Favorite Posters from Around the World: Europe

This is the first of two or three travel blog entries. The photos here are all of Europe, going generally from West to East. These were taken from three separate trips to that continent.

As long as I am pursuing this theme of favorites I thought you might enjoy these posters I made from various places we have visited. The photo above is of Porto, Portugal, looking over the Douro River. (It might seem redundant to repeat the place-names, since they are on the images, but I do for those with slow connections)

These images were all post-processed with Gimp. A wonderful free application available in any OS.

Coimbra, Portugal. A city set on a hill cannot be hid. Actually, the university is on the summit. An intriguing, ancient town with plenty of ups and downs. Also a Roman aqueduct.
Cordoba, Spain.
Also Cordoba, Spain. I could not decide which poster from this beautiful city to choose so I am showing both. George Borrow, in The Bible in Spain, describing this mosque in his visit in the 1830s, said that many of the pillars were fallen. Apparently major reconstruction has taken place.
Parma, Italy. And what did we find in a vending machine on the street? Parmesan cheese! A delicious wedge, not the crumbly bland shaker cheese from America.
The Vatican. Rome, Italy.
Strasbourg, France. A placid view of a city that has seen its share of turmoil. Germany and France both have plenty of half-timbered houses (Fachwerkhäuser in German).
Lübeck, Germany.
Bensheim, Germany, on the Bergstraße. The town of my birth, back when it was West Germany. A lot of memories here. Many warm days I would walk the path up the hill past these vineyards and – don’t tell anyone – take a couple or ten deliciously purple grapes.
Wittenberg, Germany. A significant site in Lutherland, along with Martin Luthers town, Eisenach. These were both in East Germany. Though not obvious in this photo, it seems that the eastern region of Germany has retained more of its historical structures, not modernizing as much as the West.

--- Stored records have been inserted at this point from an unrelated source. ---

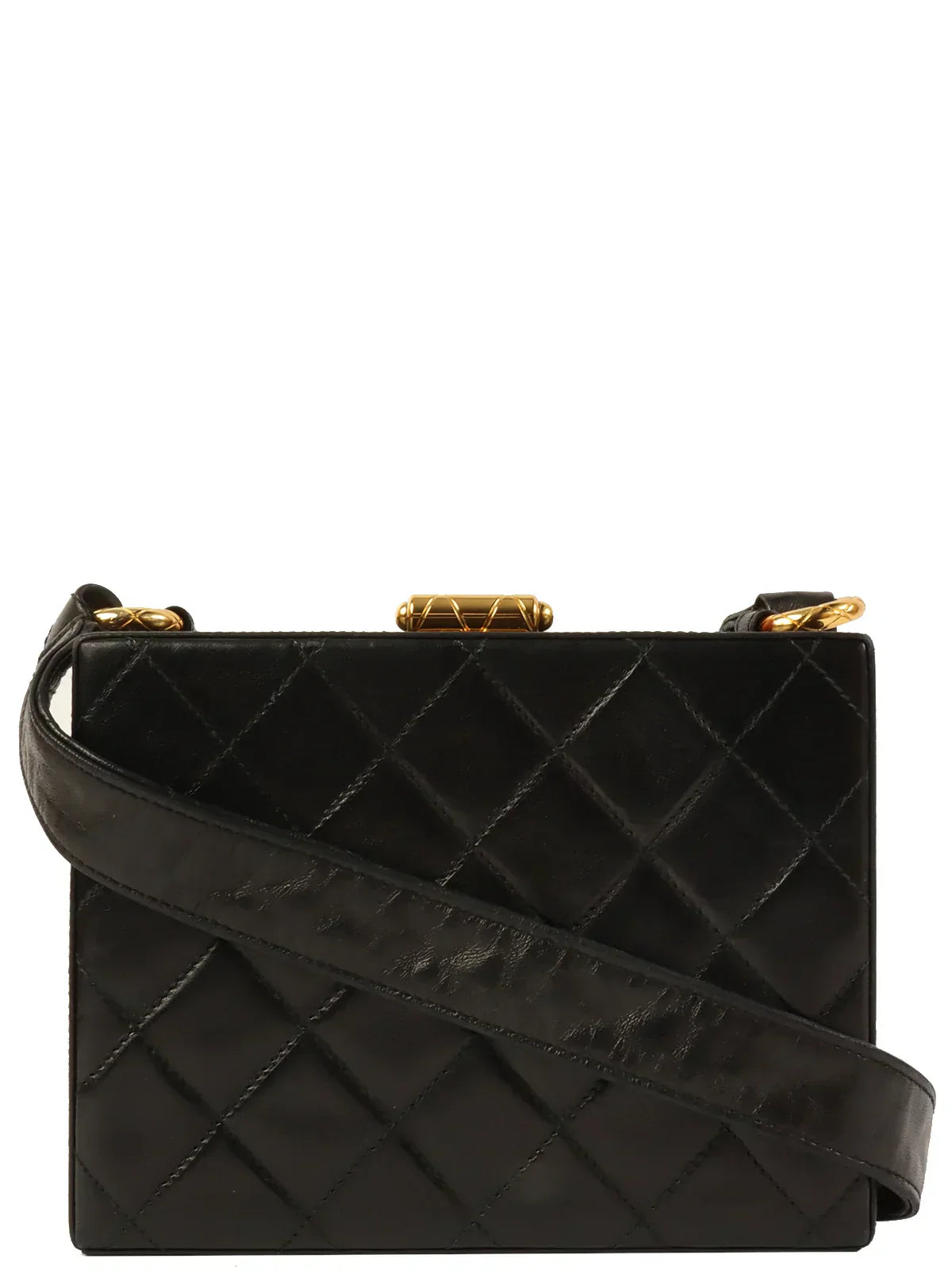 CHANEL Around 1990 Made Cc Mark Stitch Metal Clasp Box Shouder Bag Black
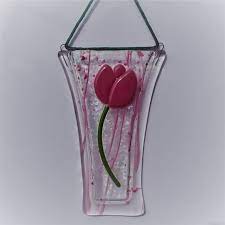 Fused Glass Bud Vase With Pink Tulip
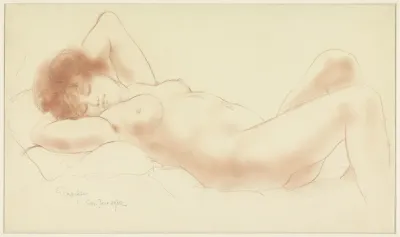 Reclining Naked Woman Arms Under Head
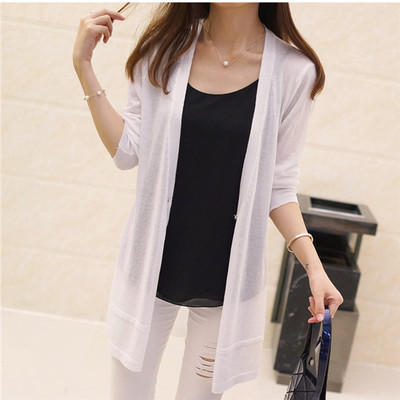 8246冰丝针织衫女外搭开衫薄外套大码夏季空调衫中长款棉麻防晒衣披肩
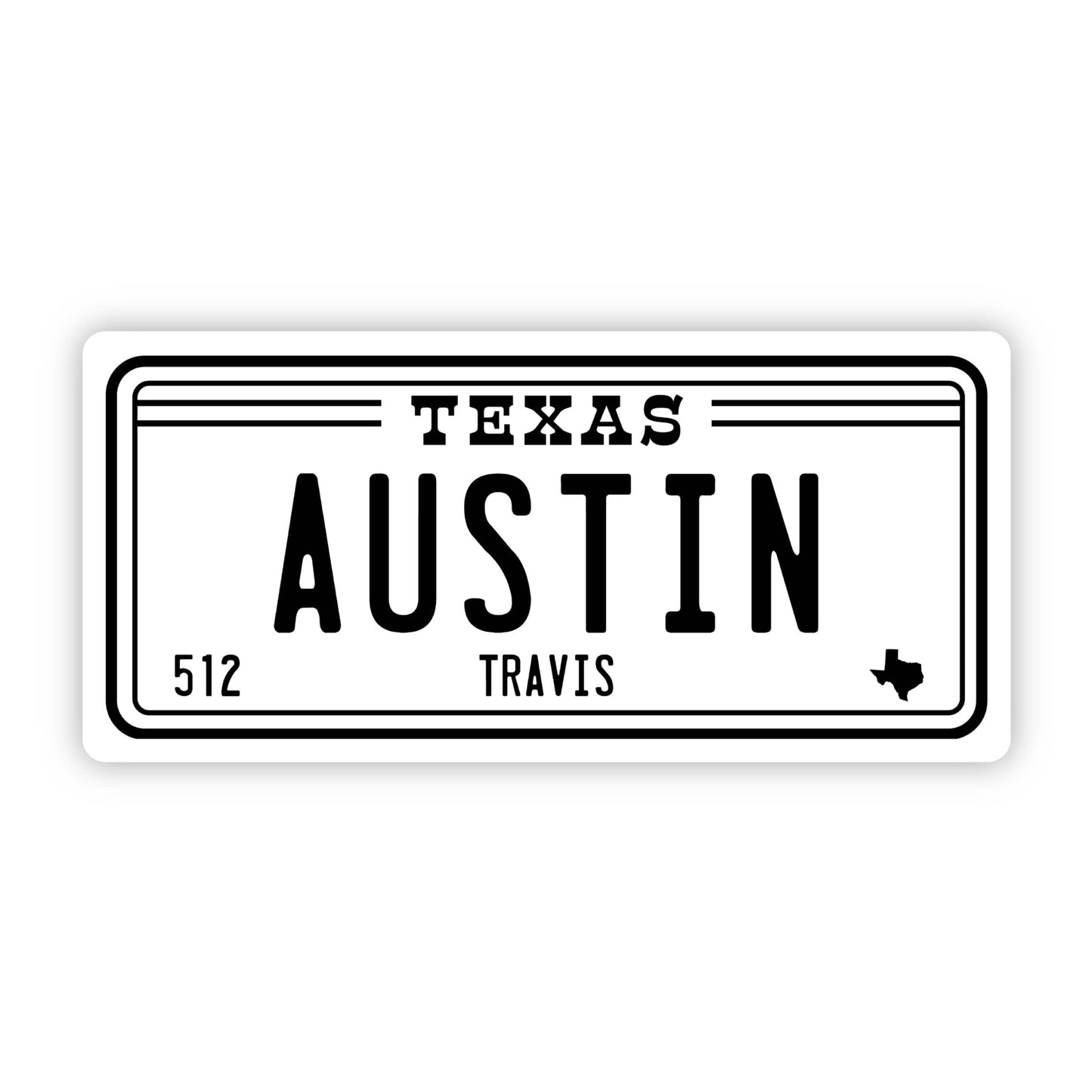 Austin Texas 512 Travis County License Plate Sticker
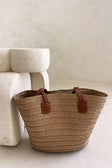 Tan Woven Xena Basket Tote Bag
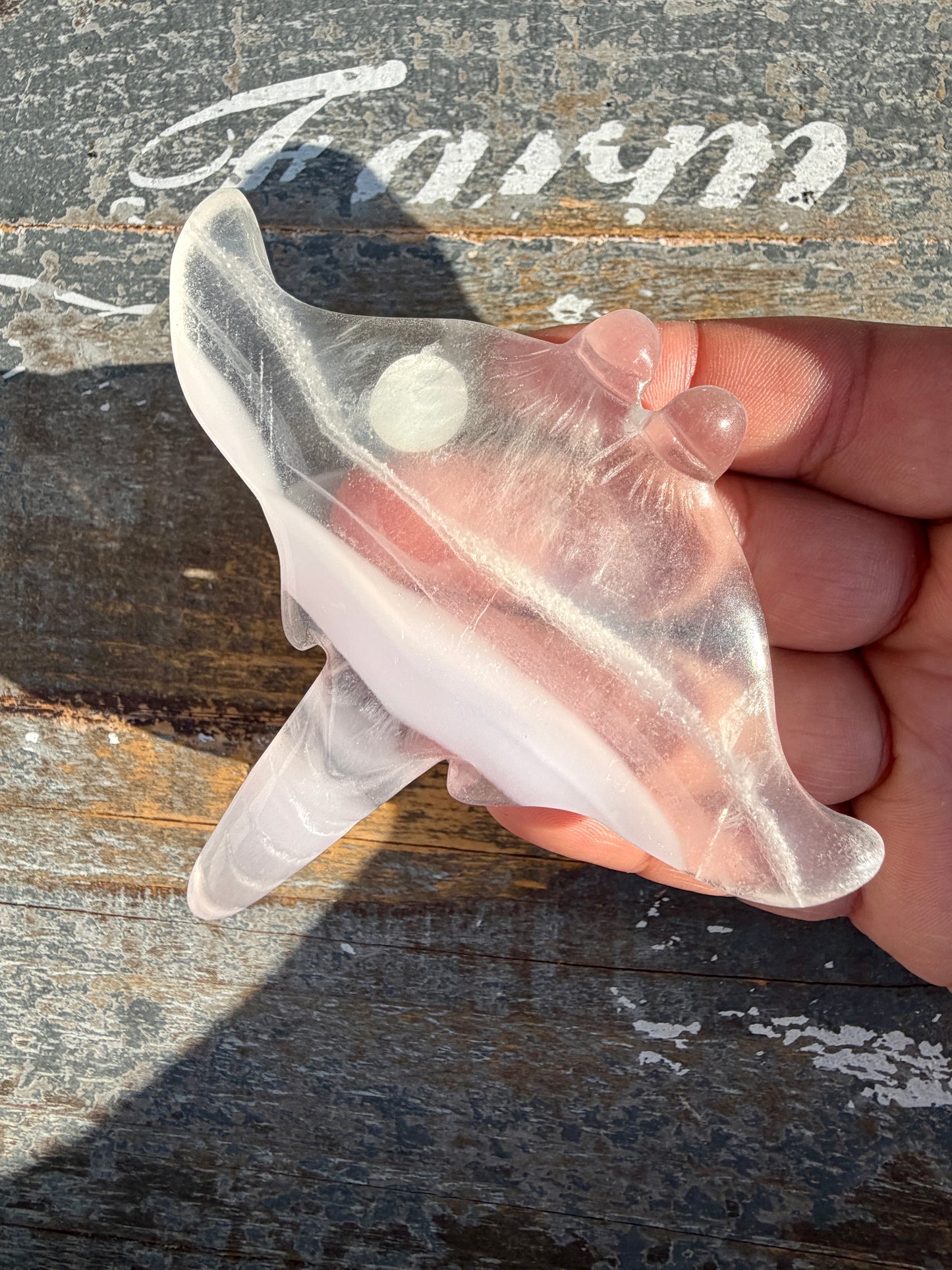 Gorgeous Yttrium Fluorite Sting Ray Carving | Opt A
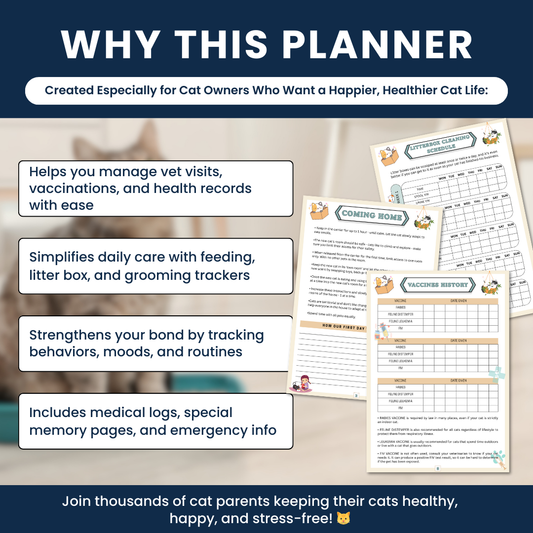 Complete Cat Health & Wellness Planner – Vet, Feeding & Behavior Tracker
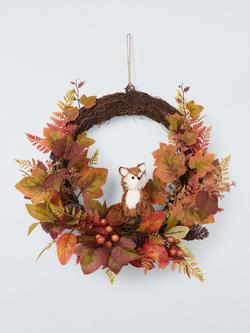 John Lewis Straw Fox Wreath, Dia.36cm, Multi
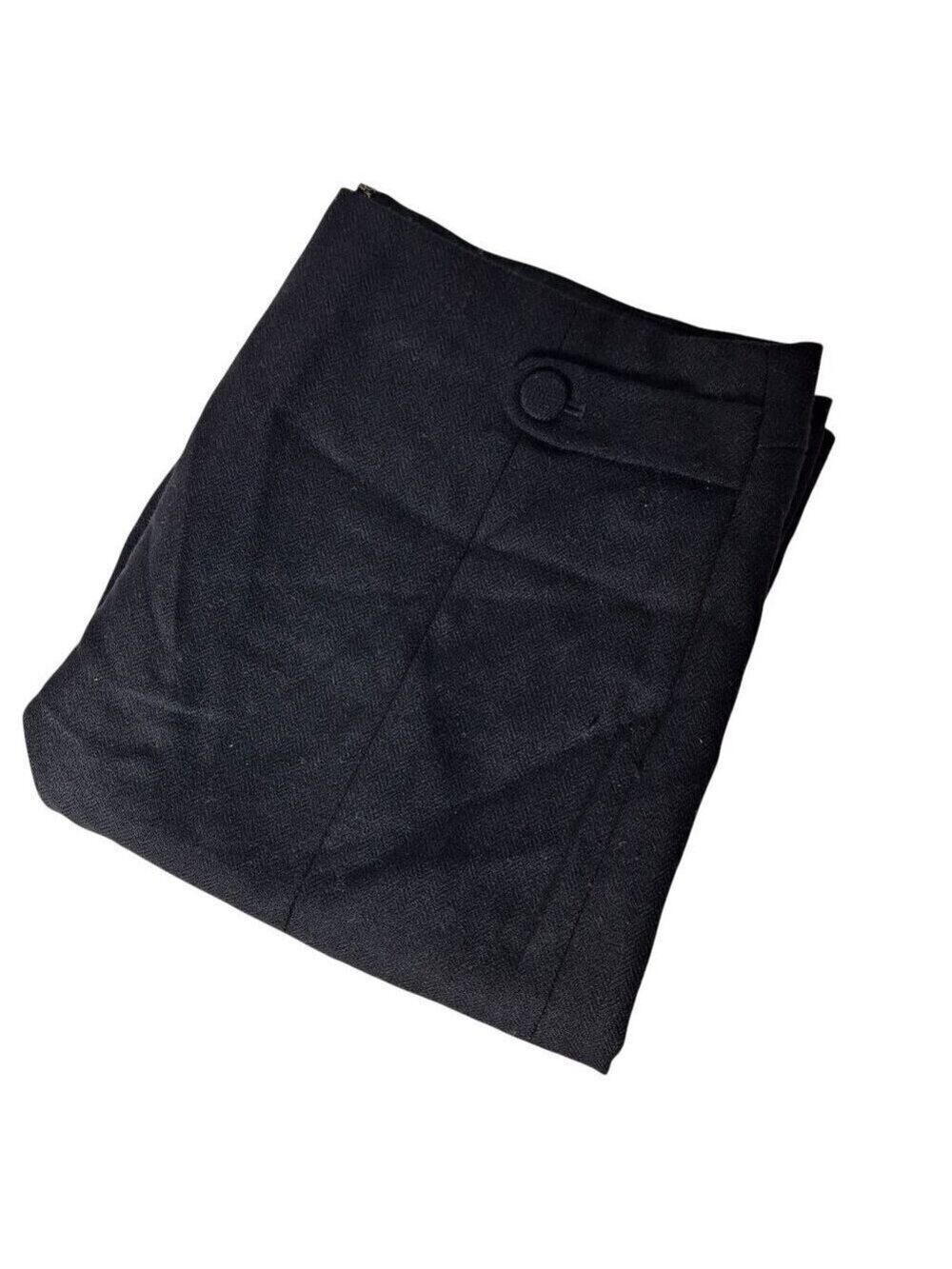 J Crew Black Wool Pencil Skirt Women Size 8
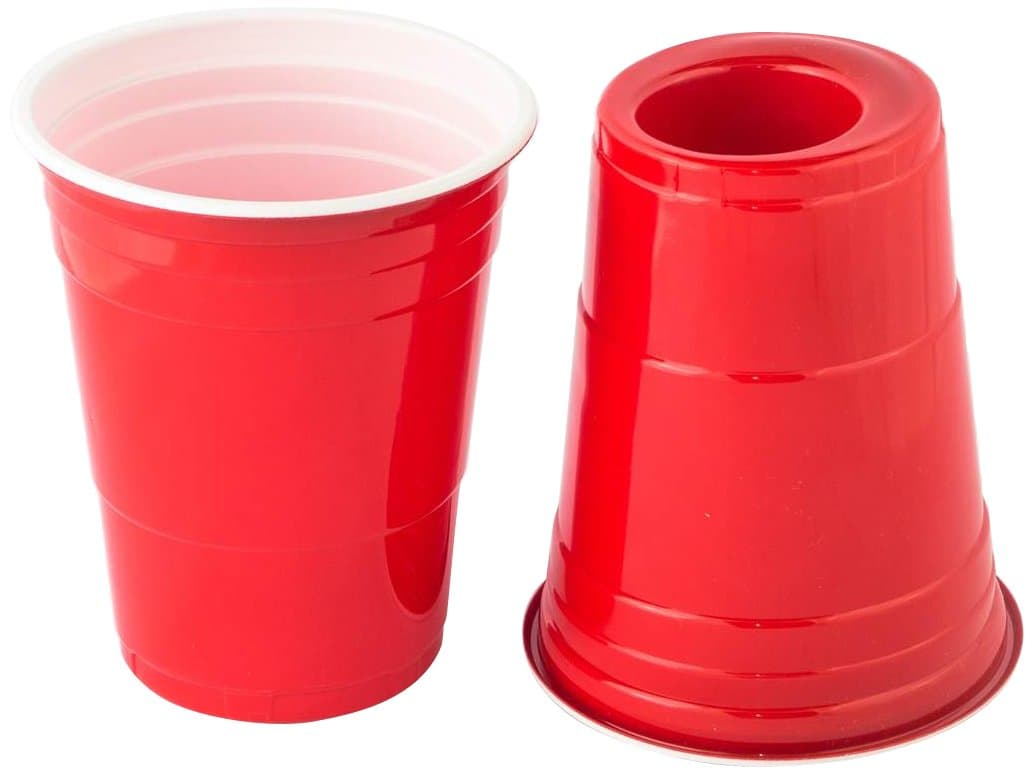 180 Cup Party Cup with Dual Shot Glass, Red, 50-Pack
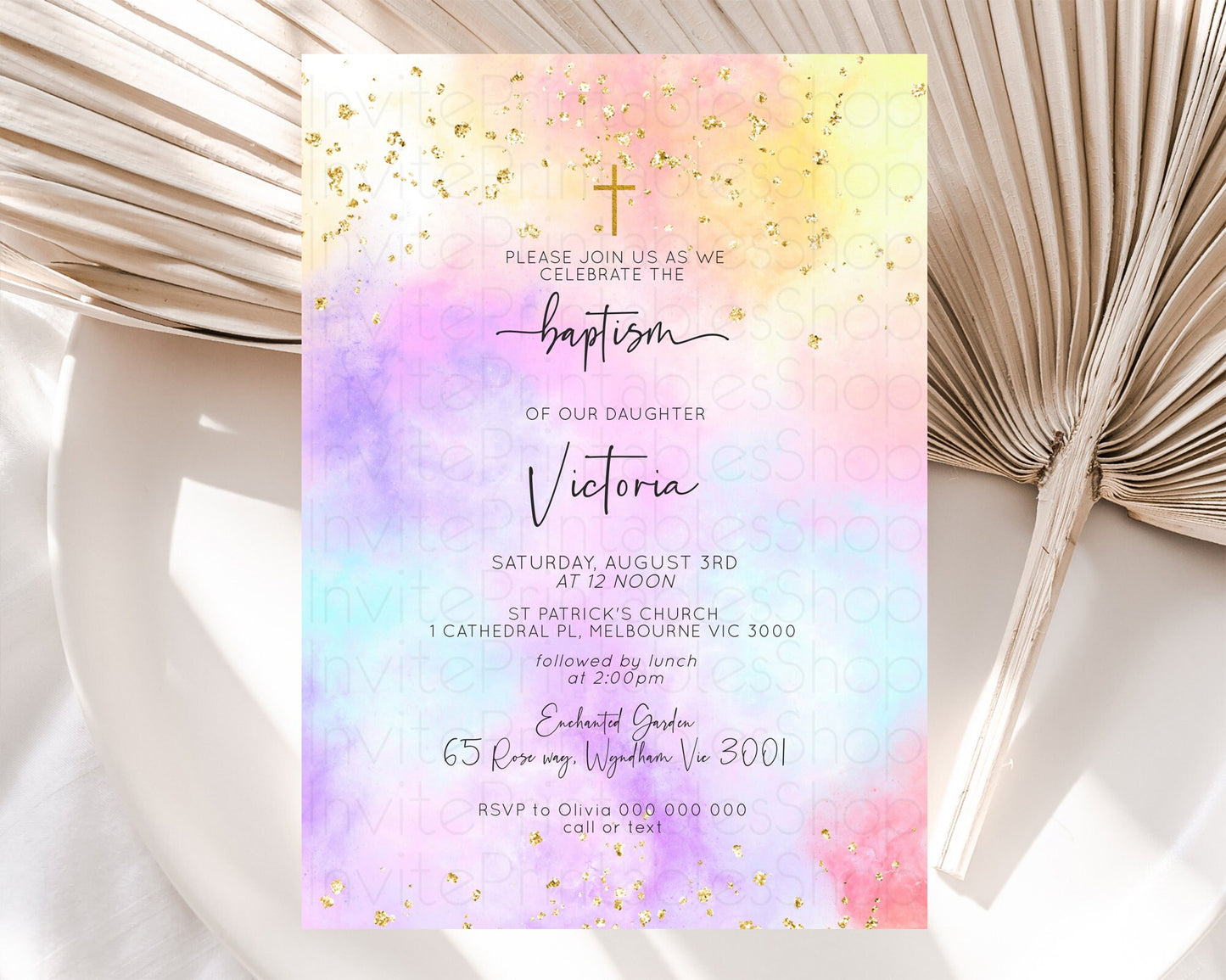 Pastel Baptism Invitation Pastel Colors Watercolor Baptism 1st Birthday Party Gold Ombre Pastel Rainbow Christening Holy Communion D10437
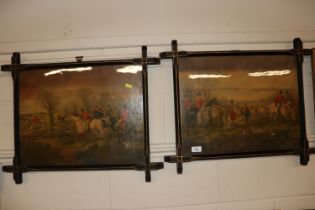 Two hunting prints containing in Oxford frames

Slovenia. I could not say exactly where. Taken from the bus from Austria to Ljubljana.
Trebinje was a pleasant introduction to Herzegovina. Plenty of ancient stone buildings seen, some centuries old, along the riverwalk leading to the arch bridge east of downtown.
Sarajevo, Bosnia-Herzegovina, seen from the Yellow Bastion. On the right bank of the Mivjacka River, about in the center of this view, was where Archduke Ferdinand was assassinated, the crime that sparked World War One.

It was not really that cold when we visited here so I was surprised to see snow on some of the hillsides surrounding the city. But looking closer I saw that the “snow” was white gravestones. Thousands of them, from a much more recent war.
Ohrid, Macedonia, a peaceful corner of the country. The bird drying his wings in the foreground is the Pygmy Cormorant, Microcarbo pygmaeus, is found only in south-east Europe and parts of western Asia.

Timisoara, Romania. This is the city where in 1989 the government tried to take away the priest. But the parishioners surrounded the entrances of his church (not seen here) and protected the priest from arrest.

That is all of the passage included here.